Like many others I read Boneland as a much awaited sequel to Weirdstone of Brisingamen and The Moon of Gomrath. I’d already read reports that the novel would be Garner in ‘grown-up’ mode and I eagerly anticipated a conclusion to the story.

I read the novel in two sittings, roughly half and half. After reading the first half I was in two minds, I didn’t warm to Meg’s dialogue and wondered where Garner was going with the parallel narratives.

However, having paused for thought I started to see the novel as in a different light. Familiarity drew me in and I began to recognize the backdrop from the previous books. As a grown-up I’ve often wondered what the magic of childhood turns into with maturity of mind, and I think that Garner has attempted to capture that place in the adult abstract mind between myth/magic and rational thought.

Psychotherapy investigates childhood fears translated into adult terms and I think Garner is brave to use this as the vehicle for discovery and, for me as a psychologist, this was the weakest aspect of the novel. Yet I have to question how he would have done it otherwise.

There has been some debate over Meg’s identity and whether she is, in fact, the Morrigan. To me, Meg represents the reason that comes with maturity before (or to prevent) aged bitterness sets in.
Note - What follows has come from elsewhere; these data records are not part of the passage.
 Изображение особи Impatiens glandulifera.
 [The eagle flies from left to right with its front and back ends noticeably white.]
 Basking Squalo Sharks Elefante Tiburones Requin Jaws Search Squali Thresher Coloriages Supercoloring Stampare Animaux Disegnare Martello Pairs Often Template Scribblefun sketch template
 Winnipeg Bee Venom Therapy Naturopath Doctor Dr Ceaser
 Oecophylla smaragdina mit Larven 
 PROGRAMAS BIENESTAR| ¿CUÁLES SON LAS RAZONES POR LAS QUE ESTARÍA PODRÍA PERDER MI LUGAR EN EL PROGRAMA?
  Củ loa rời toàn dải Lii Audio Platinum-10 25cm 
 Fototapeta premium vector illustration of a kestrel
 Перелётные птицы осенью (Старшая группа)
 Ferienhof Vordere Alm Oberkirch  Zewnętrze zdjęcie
I expect that the fact that the Morrigan was represented as a witch-like character in the children’s books readily translates, but, like all identities, Meg’s may be transient and certainly in Bonelands she is the safety vessel for Colin’s psyche, ever reminding him that he has to find whatever he is looking for himself, and that the inner self can never be second guessed. 
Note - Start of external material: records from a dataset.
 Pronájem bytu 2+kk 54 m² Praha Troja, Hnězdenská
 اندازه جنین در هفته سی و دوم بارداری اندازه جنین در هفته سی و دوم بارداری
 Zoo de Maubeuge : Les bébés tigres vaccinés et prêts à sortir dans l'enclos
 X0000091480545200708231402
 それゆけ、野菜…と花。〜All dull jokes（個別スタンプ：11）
I love the triple goddess references and its link to ‘growing up’. Some of the references are fairly obvious and some of them hidden deep in the trilogy, but on my reading we have a lasting impression of Susan, just as Colin had, even as an adult. Outside Garner’s trilogy, Morrigan is a mythological goddess figure, often depicted as three figures in the Ulster Cycle of Irish mythology. Her ability to shape-shift and to appear as an animal fits with Garner’s character, who’s name has it’s uncertain origins in either terror or greatness. 

Lined up with Colin’s quest for understanding, I do feel the novel reached a conclusion; not the simple and satisfying conclusion reached children’s literature, but a more complex conclusion that life’s unanswered questions give us if we dig deep. But that’s just me. As other reviewers have pointed out, different people will get different things from this book depending on their own perspective and understanding. This is the strength of the book. If your own psyche is drenched with myth and legend and you are conversant with the grown-up experiences of mental illness, obsession, and deep concern for the future of the planet, much of this novel will resonate. It does work on the level of ‘just a story’ but some of the mythological concepts are complicated and need patience. If you are looking for a children’s story or and obvious conclusion you will be disappointed. 

For me, a wonderful book that excited me, made me think deeply and helped me to remember not only my childhood, but also things that are precious to me.